Очевидно, что центристские позиции Блэра производили на страну в целом благоприятное впечатление. Но они странным образом способствовали и его популярности в рядах лейбористов. 21 июля 1994 года Тони Блэр был избран лидером партии большинством в 57 процентов голосов. Как и предполагалось, он получил 61 процент голосов парламентариев и 58 — местных организаций; что удивительно, ему досталось и большинство голосов по профсоюзной квоте. Никогда еще лидер лейбористской партии не получал столь единодушной поддержки. Иное дело, отмечает Сопел, «лишь ничтожное меньшинство отдавало себе отчет в том, сколь радикально собирался действовать Блэр» в качестве премьер-министра. А Джеффри Уиткрофт пишет: «Партия была завоевана изнутри, и завоевателем стал человек, который в глубине души презирает большинство ее традиций и самых дорогих верований… В общем, не исключено, что лейбористская партия в том виде, в каком она существовала почти сто лет, попросту исчезла».
Джон Прескотт, подставной оппонент Блэра, присоединился к хору похвал: «Этот деятель, наш новый лидер, получил то, что заслуживает. Он обладает моральным авторитетом и вызывает уважение как политик. Ему достанет энергии и жизненной силы привлечь к нашей партии симпатии людей… И он задаст жару тори».
Блэр торжественно обещал не останавливаться до тех пор, пока «судьбы нашего народа и нашей партии не сольются воедино на следующих всеобщих выборах»…
Называя свою партию партией «новых лейбористов», Блэр говорил: «Позвольте пояснить, как она будет действовать.

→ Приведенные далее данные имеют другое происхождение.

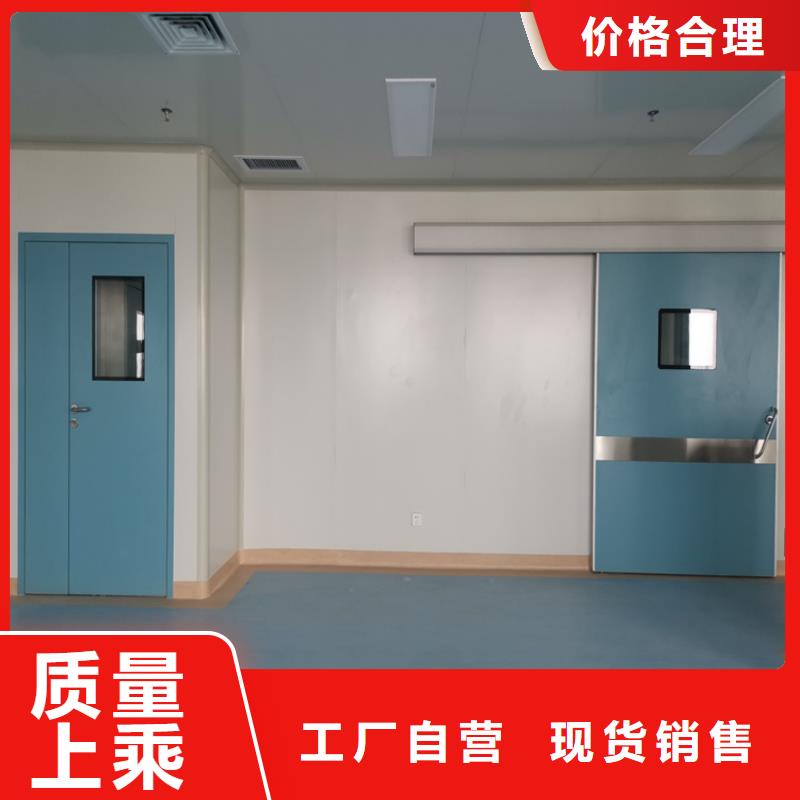 医用防护铅门资讯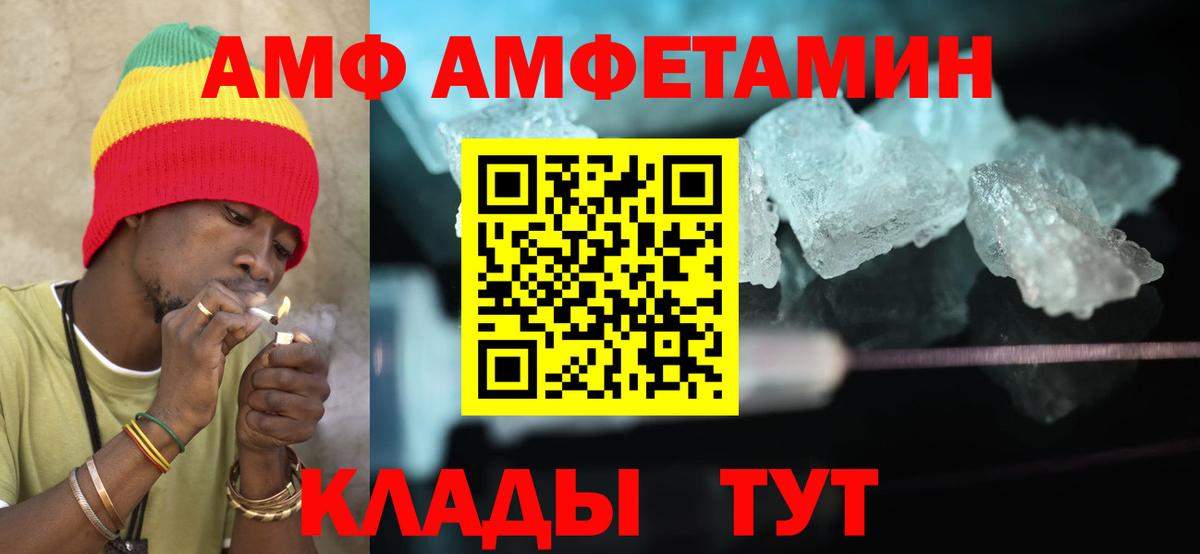 Оренбург  АМФ VHQ  АМФЕТАМИН  Вход с VPN 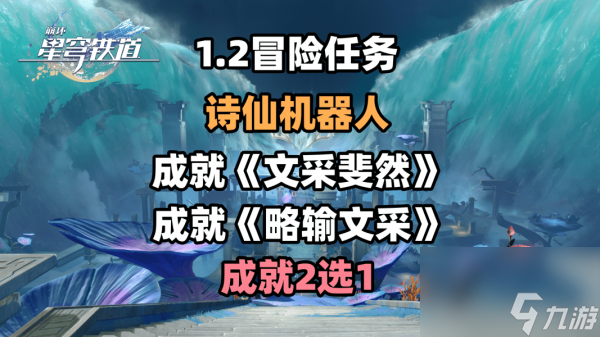 崩坏星穹铁道1.2诗仙机器人任务流程攻略
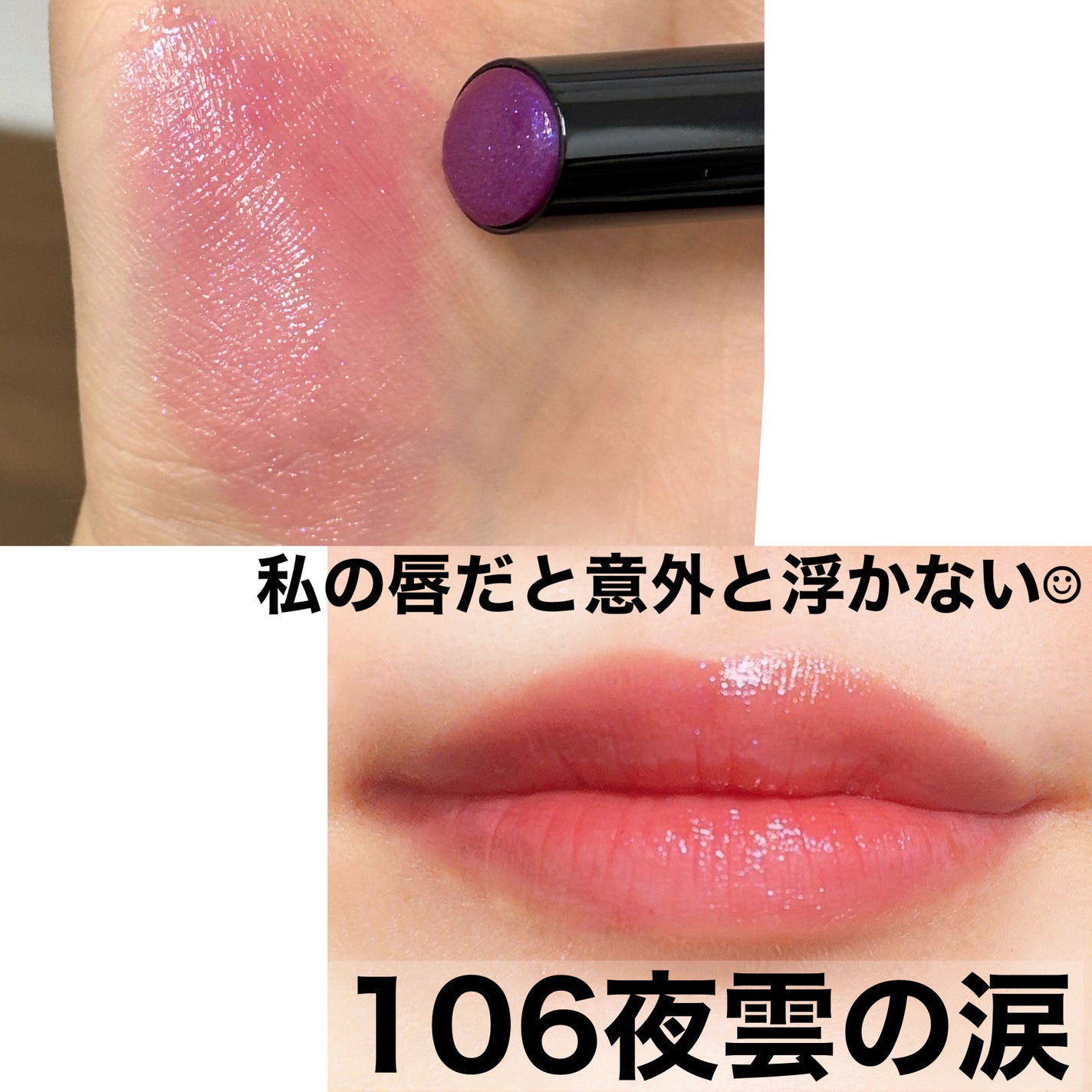 ケイト リップモンスター/KATE/口紅を使ったクチコミ(2枚目)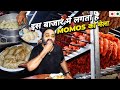 West Delhi Momos Walo की जंग, खतरनाक मुकाबला TOP momo shops in Subhash Nagar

Не по каким-то сухим академическим прописям или ученическому евангелию от Карла Маркса. Она будет работать с каждым, кто ежеутренне хотел бы и готов подняться с мыслями о работе, которая дает ему возможность содержать семью».
В стиле Джона Кеннеди он призывал английскую молодежь «присоединиться к нам в крестовом походе за перемены. Вступайте в наши ряды. Конечно, мир в одночасье не исправишь. Конечно, нам следует избегать глупых иллюзий и невыполнимых обещаний. И все же трудные альтернативы и нелегкие компромиссы, которые нам навязывают будни, окутаны духом прогресса, который пробивается сквозь века и которому мы храним верность». Он закончил свое выступление на высокой ноте, присягнув вести лейбористскую партию «с мужеством, состраданием и трезвостью, но более всего с надеждой — крохотной, неверной надеждой, которая всегда дороже вечного холодного отчаяния».